WORK TO BE COMPLETED =
The response must consist of the lines below from the one with "i11 TWS Upgraded" through the one with "Orphan Black - Season 2 [USED DVD]", exactly as they appear and with both ends kept.

DATA TO EXAMINE =

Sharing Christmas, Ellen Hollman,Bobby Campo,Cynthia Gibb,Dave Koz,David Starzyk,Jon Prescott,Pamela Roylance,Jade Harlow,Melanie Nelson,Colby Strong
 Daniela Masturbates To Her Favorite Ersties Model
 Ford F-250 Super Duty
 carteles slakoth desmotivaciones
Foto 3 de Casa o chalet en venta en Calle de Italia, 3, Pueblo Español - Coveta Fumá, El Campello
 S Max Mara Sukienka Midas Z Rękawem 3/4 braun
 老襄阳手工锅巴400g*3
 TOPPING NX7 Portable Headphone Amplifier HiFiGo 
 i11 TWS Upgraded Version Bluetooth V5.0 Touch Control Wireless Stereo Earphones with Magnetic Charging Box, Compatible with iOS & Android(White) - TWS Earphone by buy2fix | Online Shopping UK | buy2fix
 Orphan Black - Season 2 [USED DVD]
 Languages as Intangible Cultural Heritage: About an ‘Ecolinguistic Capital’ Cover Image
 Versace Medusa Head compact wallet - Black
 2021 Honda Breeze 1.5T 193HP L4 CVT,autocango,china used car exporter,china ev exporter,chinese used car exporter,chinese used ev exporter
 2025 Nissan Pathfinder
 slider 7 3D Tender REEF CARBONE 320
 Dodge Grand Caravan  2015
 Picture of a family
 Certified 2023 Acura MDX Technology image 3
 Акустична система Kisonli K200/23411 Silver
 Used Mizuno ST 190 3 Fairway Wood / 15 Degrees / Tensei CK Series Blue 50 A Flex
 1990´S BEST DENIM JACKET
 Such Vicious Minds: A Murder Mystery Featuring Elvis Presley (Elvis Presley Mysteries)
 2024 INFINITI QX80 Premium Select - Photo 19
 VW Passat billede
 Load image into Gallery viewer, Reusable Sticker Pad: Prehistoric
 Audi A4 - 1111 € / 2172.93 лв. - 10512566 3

REPLY TO THE TASK =
 i11 TWS Upgraded Version Bluetooth V5.0 Touch Control Wireless Stereo Earphones with Magnetic Charging Box, Compatible with iOS & Android(White) - TWS Earphone by buy2fix | Online Shopping UK | buy2fix
 Orphan Black - Season 2 [USED DVD]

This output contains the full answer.